(Stored data entries)
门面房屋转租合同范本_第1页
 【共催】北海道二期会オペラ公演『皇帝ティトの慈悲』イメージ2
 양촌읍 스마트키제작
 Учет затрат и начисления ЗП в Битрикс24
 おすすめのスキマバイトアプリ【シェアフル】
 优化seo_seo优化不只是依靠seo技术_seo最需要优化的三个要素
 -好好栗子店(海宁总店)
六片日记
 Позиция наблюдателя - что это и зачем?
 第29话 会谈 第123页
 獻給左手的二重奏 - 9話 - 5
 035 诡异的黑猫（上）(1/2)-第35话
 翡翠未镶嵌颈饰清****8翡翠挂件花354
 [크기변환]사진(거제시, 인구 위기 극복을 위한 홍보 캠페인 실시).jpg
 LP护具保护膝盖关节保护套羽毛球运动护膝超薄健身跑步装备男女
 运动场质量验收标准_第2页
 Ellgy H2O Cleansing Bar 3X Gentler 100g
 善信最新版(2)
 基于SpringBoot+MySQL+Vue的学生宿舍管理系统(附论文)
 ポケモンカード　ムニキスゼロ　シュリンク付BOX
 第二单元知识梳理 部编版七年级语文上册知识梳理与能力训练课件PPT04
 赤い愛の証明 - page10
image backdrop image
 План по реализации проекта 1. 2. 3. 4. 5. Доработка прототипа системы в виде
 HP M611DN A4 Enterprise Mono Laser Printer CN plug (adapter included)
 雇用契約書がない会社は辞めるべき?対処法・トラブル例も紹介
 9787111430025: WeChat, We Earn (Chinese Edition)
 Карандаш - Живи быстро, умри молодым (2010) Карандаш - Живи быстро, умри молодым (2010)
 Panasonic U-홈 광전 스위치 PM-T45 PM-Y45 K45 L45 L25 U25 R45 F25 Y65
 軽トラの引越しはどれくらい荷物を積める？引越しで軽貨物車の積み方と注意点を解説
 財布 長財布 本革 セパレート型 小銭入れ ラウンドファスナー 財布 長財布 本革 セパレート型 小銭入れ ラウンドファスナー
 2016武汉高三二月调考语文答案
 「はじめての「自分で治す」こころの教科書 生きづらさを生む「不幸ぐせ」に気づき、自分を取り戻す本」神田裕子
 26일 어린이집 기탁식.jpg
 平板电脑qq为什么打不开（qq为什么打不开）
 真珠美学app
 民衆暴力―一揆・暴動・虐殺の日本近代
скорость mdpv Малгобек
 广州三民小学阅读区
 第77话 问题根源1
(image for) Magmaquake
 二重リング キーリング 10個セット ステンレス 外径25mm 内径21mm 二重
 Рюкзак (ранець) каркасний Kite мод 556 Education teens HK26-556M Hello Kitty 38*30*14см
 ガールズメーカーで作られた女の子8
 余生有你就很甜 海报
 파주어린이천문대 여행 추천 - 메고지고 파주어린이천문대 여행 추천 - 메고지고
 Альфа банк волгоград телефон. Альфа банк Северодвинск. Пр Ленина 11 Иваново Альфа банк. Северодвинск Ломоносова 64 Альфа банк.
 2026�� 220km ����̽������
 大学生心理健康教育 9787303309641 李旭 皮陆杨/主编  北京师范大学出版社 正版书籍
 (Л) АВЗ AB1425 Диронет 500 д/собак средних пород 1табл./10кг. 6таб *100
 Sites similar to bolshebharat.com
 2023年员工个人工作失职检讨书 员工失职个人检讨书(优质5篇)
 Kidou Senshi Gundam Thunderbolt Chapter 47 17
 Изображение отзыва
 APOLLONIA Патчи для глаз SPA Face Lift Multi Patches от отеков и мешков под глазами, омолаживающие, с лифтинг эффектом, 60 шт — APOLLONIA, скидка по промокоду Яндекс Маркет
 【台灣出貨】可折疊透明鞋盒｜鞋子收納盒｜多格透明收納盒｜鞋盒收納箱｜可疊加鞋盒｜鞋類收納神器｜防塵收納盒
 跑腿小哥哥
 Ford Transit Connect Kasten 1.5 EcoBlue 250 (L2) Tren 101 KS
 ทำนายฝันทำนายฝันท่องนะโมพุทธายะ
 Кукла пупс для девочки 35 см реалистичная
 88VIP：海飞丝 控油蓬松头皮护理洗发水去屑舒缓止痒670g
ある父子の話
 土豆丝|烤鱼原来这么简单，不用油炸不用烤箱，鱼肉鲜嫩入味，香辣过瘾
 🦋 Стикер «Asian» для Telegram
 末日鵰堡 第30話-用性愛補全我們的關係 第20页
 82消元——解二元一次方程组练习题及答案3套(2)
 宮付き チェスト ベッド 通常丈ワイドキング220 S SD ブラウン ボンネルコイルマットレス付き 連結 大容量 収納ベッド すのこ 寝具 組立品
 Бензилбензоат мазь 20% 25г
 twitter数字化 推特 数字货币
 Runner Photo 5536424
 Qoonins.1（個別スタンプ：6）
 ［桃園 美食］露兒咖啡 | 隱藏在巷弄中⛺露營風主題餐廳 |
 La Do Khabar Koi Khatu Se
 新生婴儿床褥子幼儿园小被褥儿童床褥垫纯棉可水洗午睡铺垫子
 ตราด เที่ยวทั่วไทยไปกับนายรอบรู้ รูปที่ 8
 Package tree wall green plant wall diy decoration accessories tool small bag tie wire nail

> _What is expected_:
The answer should be a single number: the count of lines in the data that include the string "image".

> _Your solution_:
2